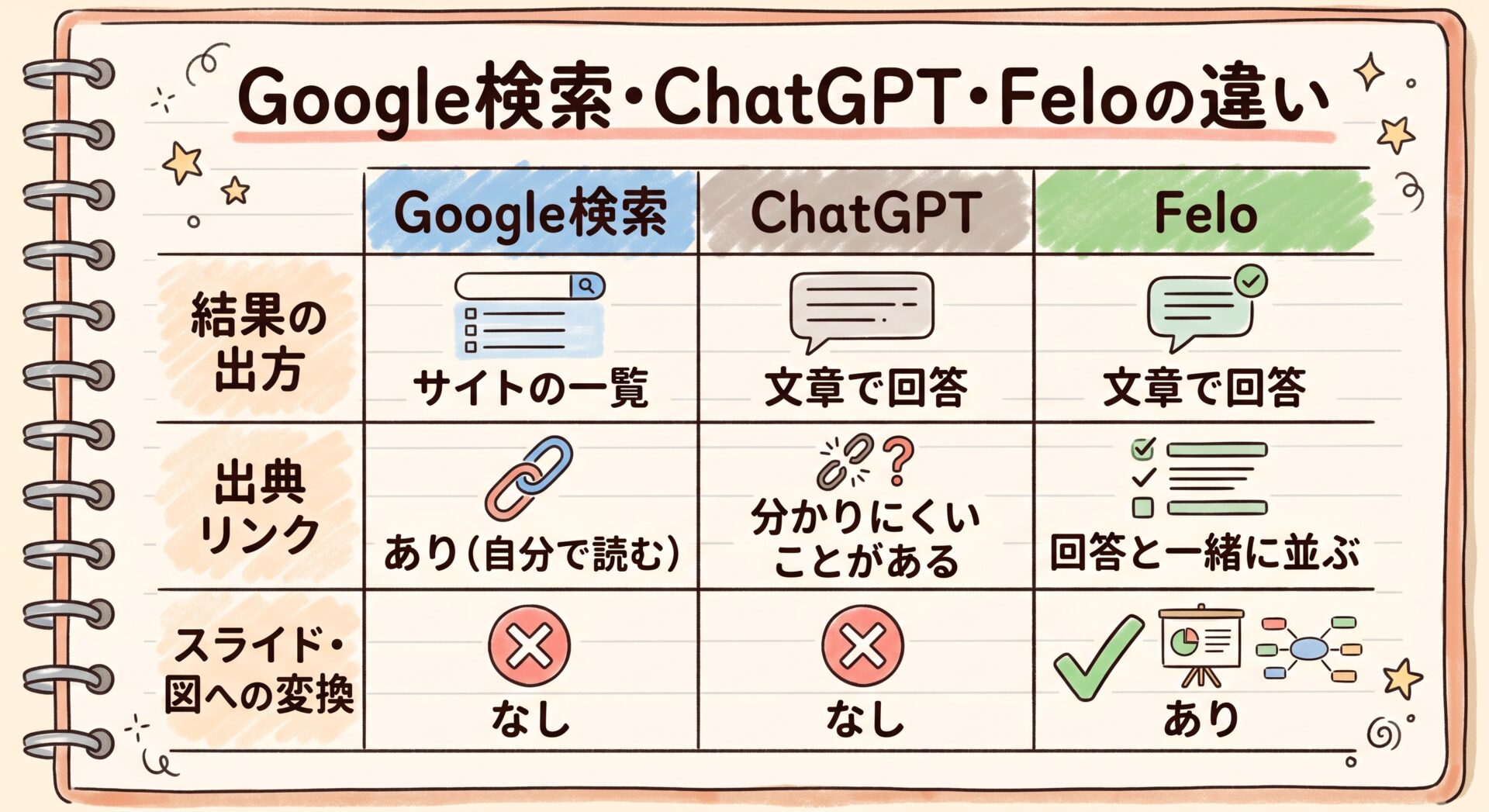 Google検索・ChatGPT・Feloの違い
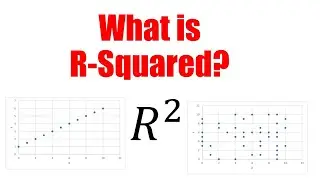 How to Evaluate a Regression Algorithm?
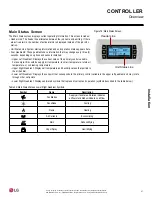 Preview for 57 page of LG AR-DE11-05A Installation And Operation Manual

+ + + +

» **THE PROBLEM**
Return the listing above in full and unaltered. Keep the pictures out.

» **ANSWER BOX**
 Google検索・ChatGPT・Feloの違い
 How to Evaluate a Regression Algorithm?
 Preview for 57 page of LG AR-DE11-05A Installation And Operation Manual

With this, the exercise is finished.